Dalton, Lewis Press Conference Transcripts - 11/14

181114-Dalton-Andy_press_conference (AP)
Cincinnati Bengals quarterback Andy Dalton takes questions from reporters during a news conference after an NFL football game, Sunday, Oct. 14, 2018, in Cincinnati. (AP Photo/Gary Landers)

ANDY DALTON

Quarterback

So coach Hue Jackson is back with the Bengals now…

 "Yeah, he's here (laughs)."

What was your reaction when you heard the news Hue Jackson was returning?

 "With what's going on, I think it makes sense. With Marvin (Bengals head coach Marvin Lewis) taking over the defense, have another set of eyes out there for him. It's good to have him back."

Do you wonder how having Hue Jackson back will impact things?
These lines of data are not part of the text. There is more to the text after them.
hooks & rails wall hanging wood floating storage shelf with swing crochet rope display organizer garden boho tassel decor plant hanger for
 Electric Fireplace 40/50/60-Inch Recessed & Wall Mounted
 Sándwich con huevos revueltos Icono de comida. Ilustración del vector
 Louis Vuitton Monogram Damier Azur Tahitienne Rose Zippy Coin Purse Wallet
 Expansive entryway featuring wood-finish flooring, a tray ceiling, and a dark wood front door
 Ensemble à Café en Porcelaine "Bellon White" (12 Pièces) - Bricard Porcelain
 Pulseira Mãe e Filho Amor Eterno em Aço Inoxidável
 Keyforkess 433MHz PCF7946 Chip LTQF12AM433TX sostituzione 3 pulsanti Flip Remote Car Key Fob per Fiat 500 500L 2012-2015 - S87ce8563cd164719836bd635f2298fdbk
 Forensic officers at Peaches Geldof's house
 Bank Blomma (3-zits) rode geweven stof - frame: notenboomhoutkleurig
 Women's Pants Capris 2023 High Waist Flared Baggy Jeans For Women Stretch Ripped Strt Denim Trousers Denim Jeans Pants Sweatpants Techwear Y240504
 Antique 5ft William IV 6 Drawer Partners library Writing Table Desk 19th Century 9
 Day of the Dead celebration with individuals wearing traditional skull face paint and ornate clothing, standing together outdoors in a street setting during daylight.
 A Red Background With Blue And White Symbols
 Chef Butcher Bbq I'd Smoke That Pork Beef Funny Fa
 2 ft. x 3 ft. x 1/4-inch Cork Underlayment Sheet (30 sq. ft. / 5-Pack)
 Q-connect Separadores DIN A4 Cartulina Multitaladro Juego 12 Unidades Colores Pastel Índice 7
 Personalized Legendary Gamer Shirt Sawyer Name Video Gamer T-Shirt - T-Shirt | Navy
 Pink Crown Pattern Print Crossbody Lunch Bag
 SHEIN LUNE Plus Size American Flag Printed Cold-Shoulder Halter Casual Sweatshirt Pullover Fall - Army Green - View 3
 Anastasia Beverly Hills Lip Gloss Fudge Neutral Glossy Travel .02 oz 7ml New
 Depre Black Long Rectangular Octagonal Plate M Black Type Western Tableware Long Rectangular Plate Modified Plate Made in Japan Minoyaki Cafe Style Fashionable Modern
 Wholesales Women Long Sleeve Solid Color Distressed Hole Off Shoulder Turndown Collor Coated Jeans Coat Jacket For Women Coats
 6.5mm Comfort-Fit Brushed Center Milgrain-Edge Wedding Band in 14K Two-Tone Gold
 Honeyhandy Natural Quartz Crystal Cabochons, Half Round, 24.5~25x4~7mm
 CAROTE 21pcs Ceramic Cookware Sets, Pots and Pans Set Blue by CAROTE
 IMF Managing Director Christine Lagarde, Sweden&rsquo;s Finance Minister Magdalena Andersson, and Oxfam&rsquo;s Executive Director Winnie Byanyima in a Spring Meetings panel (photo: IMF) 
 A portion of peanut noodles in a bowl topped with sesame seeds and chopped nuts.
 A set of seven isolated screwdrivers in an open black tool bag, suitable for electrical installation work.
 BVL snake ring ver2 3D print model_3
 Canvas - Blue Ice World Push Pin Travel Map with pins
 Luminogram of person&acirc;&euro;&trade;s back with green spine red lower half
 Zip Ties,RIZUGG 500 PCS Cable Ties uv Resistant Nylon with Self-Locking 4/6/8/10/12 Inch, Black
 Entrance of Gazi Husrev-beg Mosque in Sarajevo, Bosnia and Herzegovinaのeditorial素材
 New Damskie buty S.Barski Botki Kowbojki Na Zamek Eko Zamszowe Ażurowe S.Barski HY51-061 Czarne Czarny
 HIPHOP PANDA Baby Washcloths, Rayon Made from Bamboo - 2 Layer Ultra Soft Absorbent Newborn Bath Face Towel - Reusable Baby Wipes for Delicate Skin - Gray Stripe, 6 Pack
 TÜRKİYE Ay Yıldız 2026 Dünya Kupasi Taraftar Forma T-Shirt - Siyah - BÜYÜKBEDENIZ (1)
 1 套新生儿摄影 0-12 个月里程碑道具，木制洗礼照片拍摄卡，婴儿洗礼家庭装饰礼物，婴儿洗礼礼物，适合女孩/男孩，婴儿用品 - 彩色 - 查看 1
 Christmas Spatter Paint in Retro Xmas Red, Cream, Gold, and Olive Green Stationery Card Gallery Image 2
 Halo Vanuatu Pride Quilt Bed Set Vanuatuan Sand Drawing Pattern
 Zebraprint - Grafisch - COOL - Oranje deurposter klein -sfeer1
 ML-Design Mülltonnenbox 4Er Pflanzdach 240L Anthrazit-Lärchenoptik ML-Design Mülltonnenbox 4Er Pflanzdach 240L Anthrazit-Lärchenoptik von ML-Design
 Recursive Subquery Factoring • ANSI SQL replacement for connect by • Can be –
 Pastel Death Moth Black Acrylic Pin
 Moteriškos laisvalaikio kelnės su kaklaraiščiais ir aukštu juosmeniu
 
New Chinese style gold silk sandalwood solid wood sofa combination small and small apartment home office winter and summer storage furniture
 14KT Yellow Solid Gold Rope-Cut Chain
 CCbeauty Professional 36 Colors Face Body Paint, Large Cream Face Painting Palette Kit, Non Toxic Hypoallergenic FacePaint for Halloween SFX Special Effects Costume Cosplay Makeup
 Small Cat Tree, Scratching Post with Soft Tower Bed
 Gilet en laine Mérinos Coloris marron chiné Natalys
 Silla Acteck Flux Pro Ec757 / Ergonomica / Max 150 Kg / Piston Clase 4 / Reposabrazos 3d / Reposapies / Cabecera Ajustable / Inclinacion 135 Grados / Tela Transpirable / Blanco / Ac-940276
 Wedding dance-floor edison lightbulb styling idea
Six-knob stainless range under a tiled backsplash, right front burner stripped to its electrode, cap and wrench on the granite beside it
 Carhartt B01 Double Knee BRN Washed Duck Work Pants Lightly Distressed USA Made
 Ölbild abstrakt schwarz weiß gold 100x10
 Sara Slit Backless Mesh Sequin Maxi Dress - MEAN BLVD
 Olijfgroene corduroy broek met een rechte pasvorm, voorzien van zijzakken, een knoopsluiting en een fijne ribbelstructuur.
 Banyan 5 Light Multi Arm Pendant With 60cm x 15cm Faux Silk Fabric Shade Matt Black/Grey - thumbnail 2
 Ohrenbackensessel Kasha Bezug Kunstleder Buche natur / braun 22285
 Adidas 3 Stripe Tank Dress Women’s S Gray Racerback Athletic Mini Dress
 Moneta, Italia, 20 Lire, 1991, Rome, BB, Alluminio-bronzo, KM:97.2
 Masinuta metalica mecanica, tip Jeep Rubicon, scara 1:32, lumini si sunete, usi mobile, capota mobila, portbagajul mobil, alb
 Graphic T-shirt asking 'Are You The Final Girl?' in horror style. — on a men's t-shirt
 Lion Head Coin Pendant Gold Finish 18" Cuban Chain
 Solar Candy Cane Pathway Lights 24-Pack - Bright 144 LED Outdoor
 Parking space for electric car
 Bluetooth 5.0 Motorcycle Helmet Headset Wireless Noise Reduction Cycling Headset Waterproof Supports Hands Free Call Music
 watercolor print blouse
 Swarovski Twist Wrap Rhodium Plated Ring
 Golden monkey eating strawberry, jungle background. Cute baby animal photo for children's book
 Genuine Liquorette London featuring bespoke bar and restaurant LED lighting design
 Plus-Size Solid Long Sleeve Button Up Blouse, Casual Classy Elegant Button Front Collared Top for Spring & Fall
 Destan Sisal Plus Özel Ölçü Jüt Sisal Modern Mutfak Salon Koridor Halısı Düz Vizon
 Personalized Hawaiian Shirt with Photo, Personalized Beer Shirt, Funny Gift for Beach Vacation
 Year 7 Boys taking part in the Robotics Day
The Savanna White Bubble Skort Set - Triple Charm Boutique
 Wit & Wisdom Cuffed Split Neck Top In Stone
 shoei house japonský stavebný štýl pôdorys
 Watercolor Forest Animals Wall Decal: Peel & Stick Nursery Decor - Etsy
"It's good to have him here. He's an asset, and he's definitely going to help out, especially with what Marvin is going to be doing with the defense now. He's another place of communication with everything going on, on the sidelines. We'll see how it goes, but I don't see there being any kind of issue with it."

Does it make it awkward from your perspective, just because he used to be your offensive coordinator and there is already an offensive coordinator in place? Does it impact that dynamic at all?

"No, not at all"

How do you make sure it doesn't?

"First thing is that he's on the other side of the ball. Hue and I had a great relationship, and we still have a good relationship. It's good to have him back in the building, but it's not going to affect anything (offensively)."

Were you surprised with how everything unfolded in Cleveland for Hue?

"Obviously he was a great coach. He helped us here a lot. Obviously it's weird talking about another team that's in our division. You want him to have success, but not too much success — that whole thing. You still want to beat him. Whatever happened, happened. All that's behind him now, and he's now here. He has something else he can focus on now."

Does Hue provide an advantage game-planning with two games left against his former team, the Cleveland Browns, and the rest of the AFC North teams?

"For sure. Hue's been in this division for a long time. He's been in this building at different times and for a while (throughout his career). It's an asset having him here. He's seen a lot and been through a ton."

Does his passion and love for the game become contagious?

"For sure. That's one thing he will bring. He will bring his energy like he always did when he was here before. It will be a good thing for us."

Do you expect much interaction with him? Will he have anything to do with the offense?

"It's hard to say. I think for the most part he is going to stay on the other side."

Does the offense feel the pressure to be perfect on every drive, considering how the defense has played the last few weeks?

"We don't feel the pressure, it's what we expect. We expect to get points every time we have the ball. Regardless of what's going on in the game, you want to score and want to go down there. We don't feel like there's any pressure, it's just what we're trying to do."

Do you expect Baltimore's defense to use a heavy blitz package on Sunday?

"Yeah. That's what they are. They have so many different ways of doing it. It's like everybody else, you get in the flow of the game and see what's working. Last time, we were able to hit some big plays when they did blitz, which took them out of it for a little while. That's still the personality of their defense and what they do."

What kind of memories does last year's game-winning pass to Tyler Boyd in Baltimore evoke?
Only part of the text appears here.